Lelis Clears Barriers Unexpected and Expected
For Lelis, Friday’s nearly ideal conditions – a 70-degree day with sunshine and nary a breeze – should have been a perfect opportunity to climb up the state rankings. In the 100 hurdle final, it wasn’t long before she and the other competitors realized that personal bests were not in the works.
Two flights of hurdles were not placed correctly on the track, causing the two-time state champion from 2012 and her pursuers to change their race strategy and lead legs.
“It messed everyone up, it wasn’t just me,” said Lelis, who was first in 15.21. “I had to go over with my left leg twice instead of my right leg the whole time. I felt really good until that, and I think that affected my time a lot.”
In the 300 hurdles, nothing was going to get in the way of the Springdale junior as she distanced herself from the field, cruising to a PA#4 44.03 clocking that also broke a meet record by nearly a second.
“I feel like I was a little behind (in the 300s), but today I think I broke through some barriers,” she said. “I felt really good.

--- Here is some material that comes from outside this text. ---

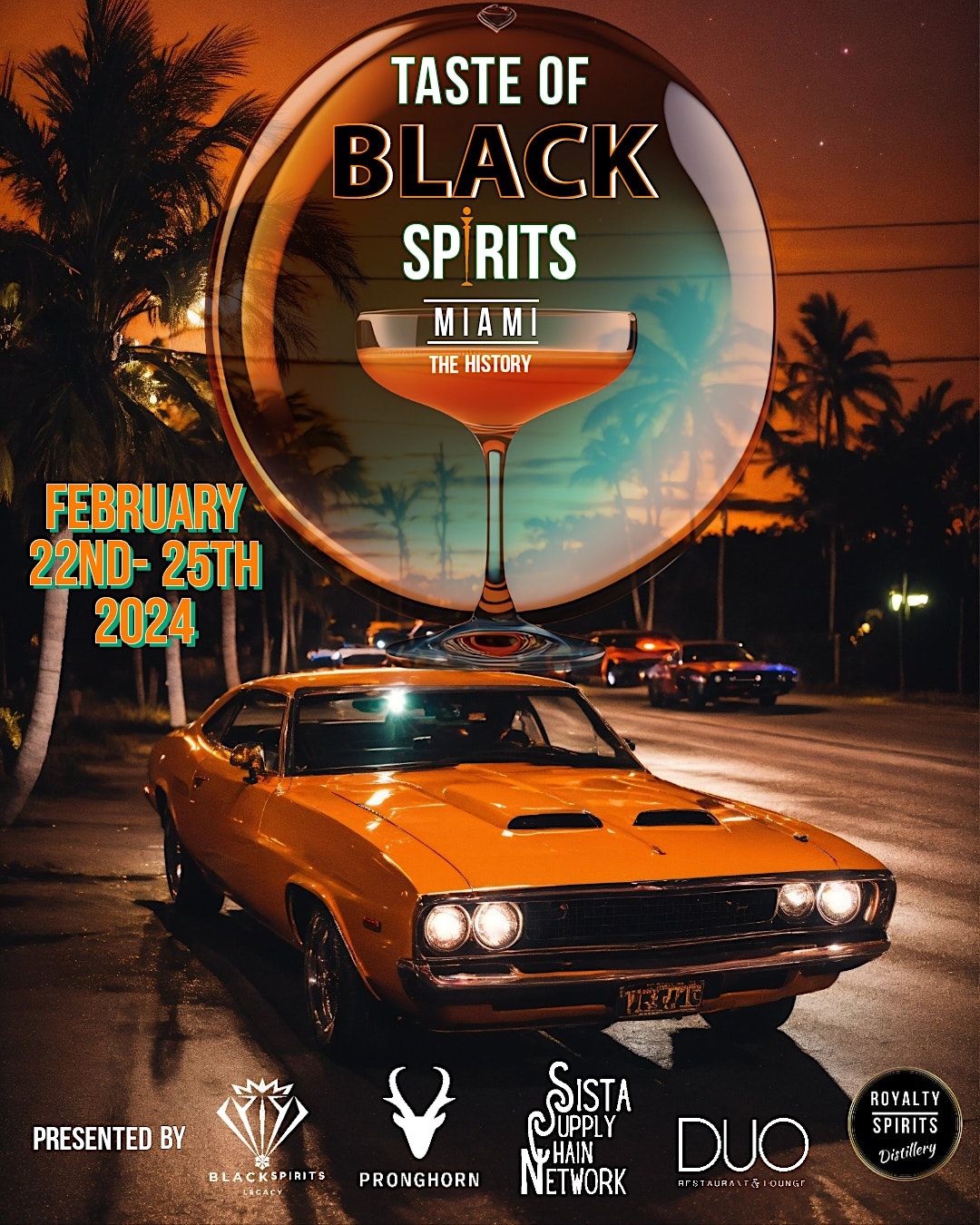 Taste of Black Spirits MIAMI " The History "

“You really can’t run fast unless you (lead with either) leg. I used to always just do my right leg, but now I do both legs. I feel like I’m a lot better. I just do whatever leg comes up and just go over it.”
In other highlight performances, Hampton’s Gina Alm is now PA#3 in the girls 800 after a fast start resulted in a 2:14.05.
“I’m really happy with it,” the junior said. “I was hoping to go a little faster, but I’m thrilled.
“I was shooting for a 63 (for the first lap because) in my dual meets I’ve been going out a little too slow and my times weren’t as fast as I’ve wanted them. So I knew I wanted to go out fast. I think I got a little excited, but it was fun.”
In the field events, Anthony Bauccio of Gateway is now PA#3 after his 57-11.5 victory in the boys shot put. With a PR by more than 2 feet, the senior was a runaway winner, with the nearest thrower 10 feet behind. Lydia Dennis of host Mars Area claimed the horizontal jumps as her PA#3 18-3 long jump topped four others over 17 feet and a 37-1.5 effort won the triple jump by just 2 inches over Jessica Farrell of Shaler Area.